宗教的分配主義に根ざすものであれ、ギルド社会主義に根ざすものであれ、進歩協同主義は依然として、自由主義におけるアノミーや戦闘的近代政治における非人間化、そして反動主義の隔世遺伝の間で舵取りしている。集団的組織と階級全体に権利を付与している国家は、より幅広い社会の改善と調和のための協調を促す。紛争に引き裂かれた世界の中にも、依然として互いに愛し合うための時間が存在することを強調しているのだ。
自由社会主義 (Liberal Socialism)
1789年の後継者たちと1918の後継者たちとの間、自由個人主義的伝統の子孫たちと集産社会主義者たちとの間、そこには深い隔たりが生じている。しかし、ドイツ社会民主党 (SPD) はそれが不可能となるまで、議会制度の中で活動していた。エドゥアルト・ベルンシュタイン、SPD右派の頭目であった彼でさえ、社会主義を自由主義の組織化された形態の一つであると定義したのだ。両派の野望を一致させる使命は、自由社会主義の理論家たちに掛かっているのかもしれない。

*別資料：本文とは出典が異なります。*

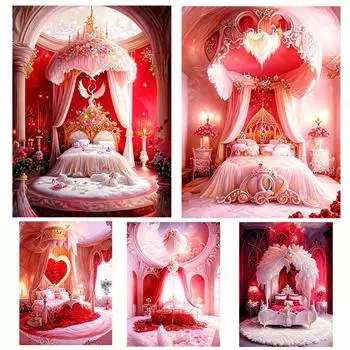 Алмазная картина 5DDIY Новинка 2024 года Фэнтези Розовая серия Детская кровать Мозаика Полная вышивка крестом Фэнтези настенное украшение для комнаты Full Round 20x30CM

この傾向の基盤は一般的にイギリス人の改良主義者たちから始められたとされるが、完全にそうとは言い切れない。ジョン・ステュアート・ミル、表向きは19世紀にイギリス自由主義の導燈であるとされる彼は、社会組織の原則として民主主義の理想を記したが、これを実現するための手段として経済的再分配と労働者所有の協同組合とが必要であるとも考えた。時代を下れば、フェビアン協会が道徳的経済について、これは搾取的なランティエ階級 [不労所得で生活する人々] を切り捨てて社会正義に貢献するものだとして説く様になった。プルードンの称揚した労働者自主管理やゾンバルトが記した混合経済もまた、ヨーロッパ大陸にその種を蒔いた。ドイツ及びハンガリーの革命に参加した者たちの内、自由主義者の場合、自らを革命後の新しい現実に適合させていくに連れて、また一部の社会主義者の場合、革命の成果を保護するための動員と国家テロルの下で苦慮するに連れて、内在する政治的懸念はこのイデオロギーの更なる拡大を生じさせた。

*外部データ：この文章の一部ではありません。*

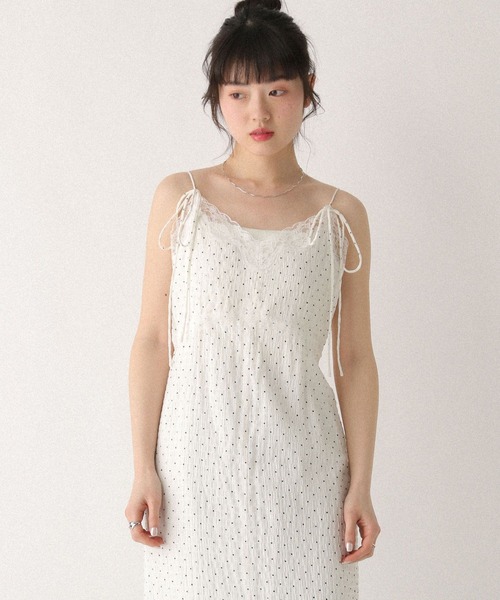 Heather(ヘザー)の「レーストリムナローキャミワンピース 672056(ワンピース・レディース・ホワイト系その他/ブラック系その他/ブルー系その他・FREE)」の9枚目の写真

こうして現実に自由社会主義国家が実現されたのである。これは実践において、分権的秩序、平等主義と主意主義の原則、及び官民混合経済を求める。革命的な中産階級の忠義を守るためであれ、或いはブルジョワジーに尽く挫折させられてきた自由への野望を成し遂げるためであれ、政治的二極化に拘わらず、世界の一部における反体制的時流としてこうして残り続けてきたのだ。社会主義よ、正義と自由の名の下にあれ!
左翼大衆主義 (Left Wing Populism)
選挙遊説を行う者の多くは、あなたにこう言うだろう「民衆のために」と。時には、マイクの前に立っていない時にも、これが本心たることもある。しかし多くの改革者の夢は「普通の政治」によって打ち砕かれてきており、それは妥協と腐敗が必然的にその手を汚させ、且つ野心を飲み込ませるからだ。庶民の不満が高まり、制度がそれ自身の維持にしか興味が無いために彼らの声に応えられないことが証明される時、誰かが、そして庶民の運動が、民意を反映するために政治的土俵へ足を踏み入れるだろう。彼らの綱領やレトリックが社会主義または進歩主義との類似点を持つ場合、これは左翼大衆主義の一形態として分類されるだろう。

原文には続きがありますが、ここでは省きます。